Finiteness of the Measure Space appearing in Spectral Theorem of Bounded Operators

Question

Consider the multiplication operator version of the spectral theorem for bounded operators in a Hilbert space. Quoted from Wikipedia:

Let $A$ be a bounded self-adjoint operator on a Hilbert space $H$. Then there is a measure space $(X, \Sigma, \mu)$ and a real-valued essentially bounded measurable function $f$ on $X$ and a unitary operator $U:H \to L^2(X, \mu)$ such that $U^\dagger T_f U = A$ where $T_f$ is the multiplication operator: $T_f [\varphi](x) = f(x) \varphi(x)$ and $\|T_f\| = \|f\|_\infty$.

It is not much work to find an example where this measure space is not unique. For example, one can look at the sum of the left shift and right shift operators in $L^2(\mathbb{Z})$ and use Fourier series to see that the space $X$ can be any real interval.

My question is, using the boundedness of $A$, can we always find a measure space with finite measure satisfying this theorem? In particular, can we always find one such that $\mu(X)=1$?

Answer 1

For the separable setting, yes. The reference for what follows is Reed-Simon Vol. 1.
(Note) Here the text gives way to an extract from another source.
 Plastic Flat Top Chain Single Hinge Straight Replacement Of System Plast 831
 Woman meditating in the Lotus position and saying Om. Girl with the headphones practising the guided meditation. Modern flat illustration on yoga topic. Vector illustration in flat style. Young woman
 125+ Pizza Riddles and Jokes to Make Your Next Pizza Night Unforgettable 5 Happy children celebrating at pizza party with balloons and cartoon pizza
The theorem you quote as the spectral theorem is viewed as a quick corollary of the "real" spectral theorem, Reed-Simon Theorem VII.3 where $A$ is conjugated to a direct sum: $$ U:H\to \oplus_{n=1}^N L^2(\mathbb R,d\mu_n)\\ (UAU^*\psi)_n(\lambda)=\lambda\psi_n $$ where $N$ may be infinite. I.e. U conjugates $A$ to a direct sum of operators which are just multiplication by the independent variable on each of the (direct) summands. What you quote as the spectral theorem is then a quick corollary of the above (immediately below in the book), with the added property that the measure $\mu$ may be taken to be finite (and in their construction, it in fact satisfies $\mu(X)=1$).

Answer 2

I'll refer to E.B. Davies' Spectral Theory and Differential Operators, and I'll limit myself to separable Hilbert spaces in case what I said in my comment above isn't true (I could have easily misinterpreted what Davies said) and you need to modify the statement so much that you lose the finiteness of the measure.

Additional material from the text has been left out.